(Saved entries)
»»

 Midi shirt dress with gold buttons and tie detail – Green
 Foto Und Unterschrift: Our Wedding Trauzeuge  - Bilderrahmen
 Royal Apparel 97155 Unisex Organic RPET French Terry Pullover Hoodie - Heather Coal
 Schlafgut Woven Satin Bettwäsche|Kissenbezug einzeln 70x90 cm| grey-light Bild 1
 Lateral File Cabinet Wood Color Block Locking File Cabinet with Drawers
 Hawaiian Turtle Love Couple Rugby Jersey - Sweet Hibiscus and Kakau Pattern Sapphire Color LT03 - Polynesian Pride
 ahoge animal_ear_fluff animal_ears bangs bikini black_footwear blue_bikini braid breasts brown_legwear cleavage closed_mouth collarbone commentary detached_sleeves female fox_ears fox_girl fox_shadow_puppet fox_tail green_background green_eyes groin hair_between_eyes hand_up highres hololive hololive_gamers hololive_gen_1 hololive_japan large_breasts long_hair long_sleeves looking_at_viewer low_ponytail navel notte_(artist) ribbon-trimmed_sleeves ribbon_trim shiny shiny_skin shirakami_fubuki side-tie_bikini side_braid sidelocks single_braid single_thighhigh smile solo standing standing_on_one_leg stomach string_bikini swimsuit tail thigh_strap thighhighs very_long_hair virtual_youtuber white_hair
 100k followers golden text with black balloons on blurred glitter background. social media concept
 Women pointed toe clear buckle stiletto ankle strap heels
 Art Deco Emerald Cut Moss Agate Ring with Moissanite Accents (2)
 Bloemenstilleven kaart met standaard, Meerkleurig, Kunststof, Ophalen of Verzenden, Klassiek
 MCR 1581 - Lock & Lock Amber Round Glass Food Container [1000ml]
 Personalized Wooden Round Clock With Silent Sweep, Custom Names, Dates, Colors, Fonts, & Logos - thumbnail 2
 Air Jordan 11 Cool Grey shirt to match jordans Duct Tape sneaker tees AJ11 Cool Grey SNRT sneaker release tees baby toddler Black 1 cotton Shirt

««

TASK INSTRUCTIONS =
Write out only the lines that run from the line containing "Bloemenstilleven kaart met" through the line containing "Personalized Wooden Round", both included, exactly as they appear above.

RESULT OF THE EXERCISE =
 Bloemenstilleven kaart met standaard, Meerkleurig, Kunststof, Ophalen of Verzenden, Klassiek
 MCR 1581 - Lock & Lock Amber Round Glass Food Container [1000ml]
 Personalized Wooden Round Clock With Silent Sweep, Custom Names, Dates, Colors, Fonts, & Logos - thumbnail 2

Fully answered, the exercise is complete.